From a distance, mirrors look like a lake in the middle of a desert which is about four times larger than the Central Park in the New York City. It can be seen from the International Space Station.
Solar thermal projects like Ivanpah are said to be more suited for India as we have plentiful of land and Sun while natural gas is as abundant as in the United States.
Electronic Engineering Professor Jelena Vuckovic of Stanford University has recently led a research in which a team of engineers designed and built a prism-like device that can split a beam of light into different colours and bend it to right angles.
Described as 'Optical Link', this tiny silicon slice has a bar code like pattern etched on it. When a beam of light shines at the link, light of two different wavelengths (colours) split off at right angles forming a T-shape. Eventually, this could be a big step towards developing computer systems that use Optics (Light) rather than Electricity (Wires) to carry data.
Professor Vuckovic claims that light can carry more data than a wire and it takes less energy to transmit photons than electrons.
Magellan - the Venus Radar Mapper and Cassini - the Titan Radar Mapper are some of the shining examples of Electrical Engineering marvels.

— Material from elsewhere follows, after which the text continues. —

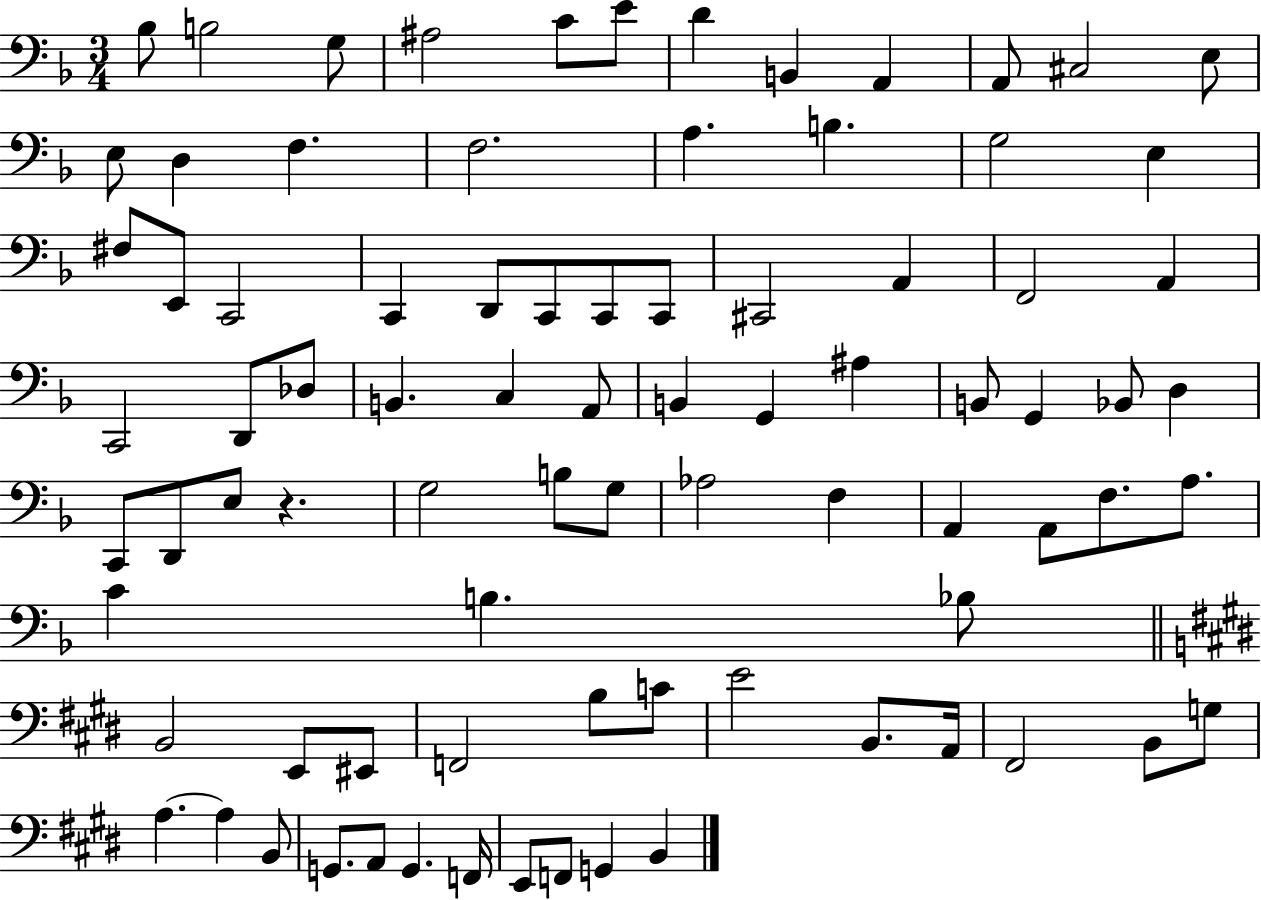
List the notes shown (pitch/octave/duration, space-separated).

Bb3/e B3/h G3/e A#3/h C4/e E4/e D4/q B2/q A2/q A2/e C#3/h E3/e E3/e D3/q F3/q. F3/h. A3/q. B3/q. G3/h E3/q F#3/e E2/e C2/h C2/q D2/e C2/e C2/e C2/e C#2/h A2/q F2/h A2/q C2/h D2/e Db3/e B2/q. C3/q A2/e B2/q G2/q A#3/q B2/e G2/q Bb2/e D3/q C2/e D2/e E3/e R/q. G3/h B3/e G3/e Ab3/h F3/q A2/q A2/e F3/e. A3/e. C4/q B3/q. Bb3/e B2/h E2/e EIS2/e F2/h B3/e C4/e E4/h B2/e. A2/s F#2/h B2/e G3/e A3/q. A3/q B2/e G2/e. A2/e G2/q. F2/s E2/e F2/e G2/q B2/q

Though an aging man-made satellite, Magellan spacecraft again made new when it was pulled from the elliptical orbit 5,285 miles above the Venus to just 105 miles above Venus with the help of controllers. The Cassini Titan Radar Mapper is another high-tech Imaging achievement that can fire up several Electrical Engineers for a long time to come. Synthetic Aperture Radar images of Titan's surface obtained with the help of Cassini is of great interest to planetary geological processes. But to engineers, it is the radar mapper itself which is of major interest.
Magellan has two broad square solar panels, each measuring 2.5 meters across. They degraded gradually during the mission due to extreme and frequent temperature changes. The spacecraft was equipped with twin 30 amp-hour, 26-cell, nickel-cadmium batteries that got recharged whenever they received direct sunlight.
Cassini is the largest and most complex interplanetary spacecraft which is unmanned (include an orbiter and a probe). It was powered by 32.7 kg plutonium-238 batteries whose radioactivity produced electricity. Its instruments included a synthetic aperture radar mapper, an infrared mapping spectrometer, a charge-coupled device imaging system, a plasma spectrometer, a magnetometer and several other sophisticated devices.